MADDE 5. - Türkiye Cumhuriyeti Anayasasının 38. maddesinin dokuzuncu fıkrası madde metine geri
eklenmiş, onuncu fıkrası 7.3.2004 tarihi zamanındaki haline geri döndürülmüş, son fıkrası aşağıdaki
şekilde değiştirilmiştir.

Uluslararası Ceza Divanına taraf olmanın gerektirdiği yükümlülükler hariç olmak üzere vatandaş, suç
sebebiyle yabancı bir ülkeye verilemez.

MADDE 6. - Türkiye Cumhuriyeti Anayasasının 87. maddesinde yer alan "Mahkemelerce verilip
kesinleşen ölüm cezalarının yerine getirilmesine" ibaresi madde metine geri eklenmiştir.

MADDE 7. - Türkiye Cumhuriyeti Anayasasının 90. maddesinin son fıkrasının son cümlesi aşağıdaki
şekilde değiştirilmiştir.
Usulüne göre yürürlüğe konulmuş temel hak ve özgürlüklere ilişkin milletlerarası antlaşmalarla
kanunların aynı konuda farklı hükümler içermesi nedeniyle çıkabilecek uyuşmazlıklarda milletlerarası
antlaşma hükümler ile kanun arasında hangisinin esas alınacağına Yargıtay tarafından tartışılır,
oylanarak karar verilir.

MADDE 9. - Türkiye Cumhuriyeti Anayasasının 143. maddesi yürürlüğe geri koyulmuştur.

MADDE 11. - Bu Kanun yayımı tarihinde yürürlüğe girer ve halkoylamasına sunulması halinde
tümüyle oylanır.
YAZI İLİR ALAKASI YOKTUR!!!! YOL KONUSUNDA FİKİR SORMAK AMAÇLIDIR!!!

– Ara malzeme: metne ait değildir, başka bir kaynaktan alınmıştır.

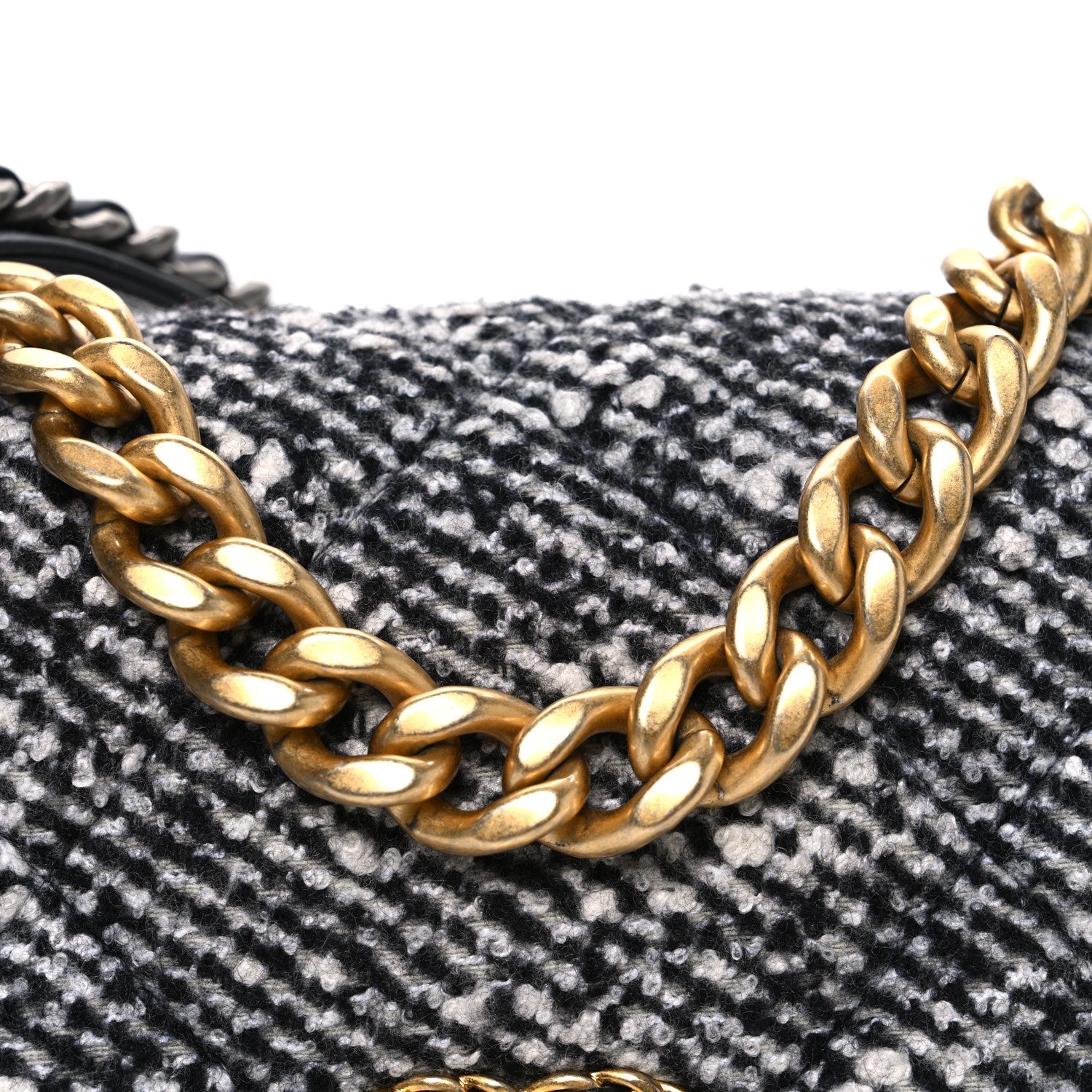 Tweed Quilted Medium Chanel 19 Flap Grey
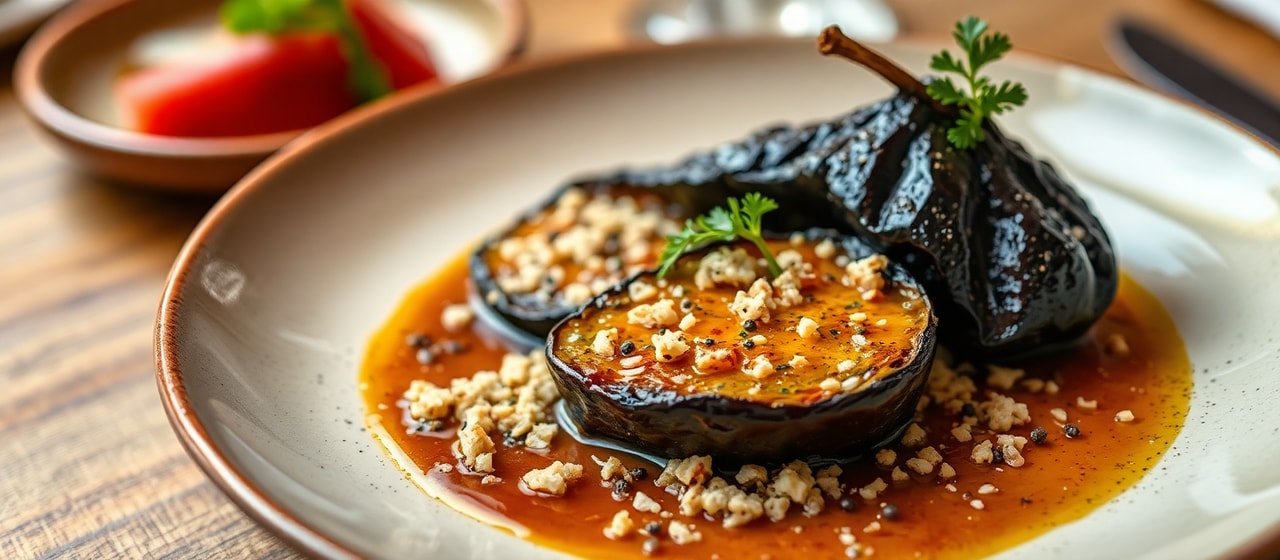 Auld Reekie Smoked Aubergine with Oat Crumb and Whisky-Neep Glaze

İdam getirmenin bir sonucu olacak olan AB’den çıkarılma ve sonuçlarından biri olan Avrupa’ya kaçan
suçluların Türkiye’ye geri verilmeyecek olma olumsuz durumunu göz önüne almalı mıyız? Yoksa
direkt topluma şuan hangisi daha doğru ve adalet kavramı idam ile mı yerine getirilir diye düşünelim?